Certains pays développés ont exprimé leur confiance dans les dirigeants africains et ont annulé les dettes. Nous exprimons notre gratitude au Gouvernement de l’Italie, qui a donné l’exemple en annulant sa dette bilatérale avec tous les pays d’Afrique centrale pour les aider à mettre en œuvre le Plan de convergence. D’autres membres du G8 ont recommandé de nouveaux moyens de financer le développement en Afrique. Nous devrions tous être reconnaissants pour les discussions et les consultations en cours. Nous espérons que les chefs du G8 s’accorderont sur les mesures à prendre, notamment la conservation des forêts africaines en général et de l’écosystème du bassin du Congo en particulier.

La FAO et les institutions de l’ONU peuvent aider en fournissant les compétences et l’assistance nécessaires pour identifier des ressources à affecter à l’écosystème forestier du bassin du Congo. C’est pourquoi nous croyons fermement que la FAO devrait jouer un rôle moteur dans la mise en œuvre du Plan de convergence pour la conservation et la gestion durable des écosystèmes forestiers d’Afrique centrale.

De nombreux conflits sont engagés pour obtenir l’exploitation et le contrôle des ressources – investir dans la protection et la conservation de l’environnement, y compris l’écosystème du bassin du Congo, serait un investissement dans la paix
FAO/19151/M. MARZOT

CONCLUSION

Un porte-parole ne suffit pas pour l’écosystème forestier du bassin du Congo. Joignez-vous à moi dans cet effort. Je vous demande d’être nos ambassadeurs pour cet écosystème.

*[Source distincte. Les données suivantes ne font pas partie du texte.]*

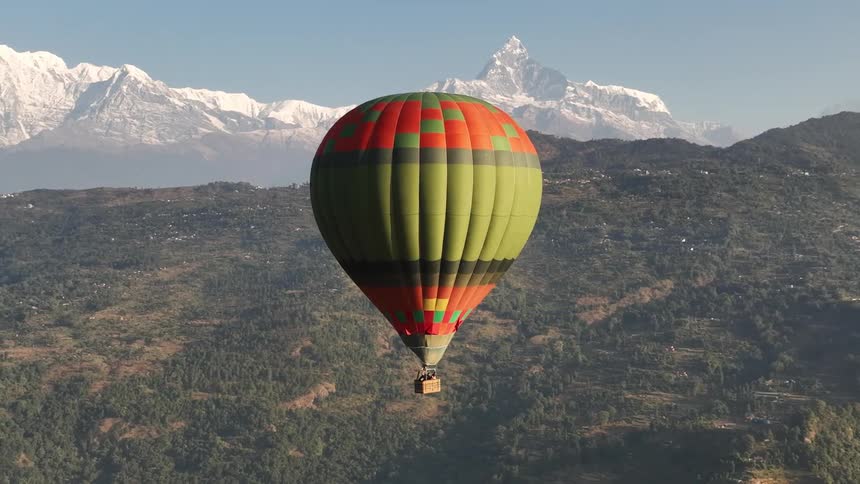 A hot air balloon drifts in the sky with a mountain landscape in the background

A Brazzaville, à l’occasion du deuxième Sommet des chefs d’Etat, j’ai évoqué les mots du Président Kennedy et exhorté les participants à ne pas s’interroger sur ce que l’écosystème forestier du bassin du Congo pouvait leur apporter, mais à se demander plutôt ce qu’ils pouvaient faire pour le sauver. Je leur ai rappelé que le bassin du Congo n’a pas besoin de nous. Bien au contraire, c’est nous qui avons besoin de ses ressources. Si seulement nous commencions à agir. Si seulement nous cessions de discourir pour nous mettre en route.

Nous le devons aux générations pré­sentes et futures. Je vous remercie.

1 La résolution 54/214 sur la «conservation et le développement durable des écosystèmes forestiers d’Afrique centrale» invitait la communauté internationale à aider les pays d’Afrique centrale à protéger l’écosystème forestier, notamment par la fourniture d’une assistance financière et technique sur une base régionale.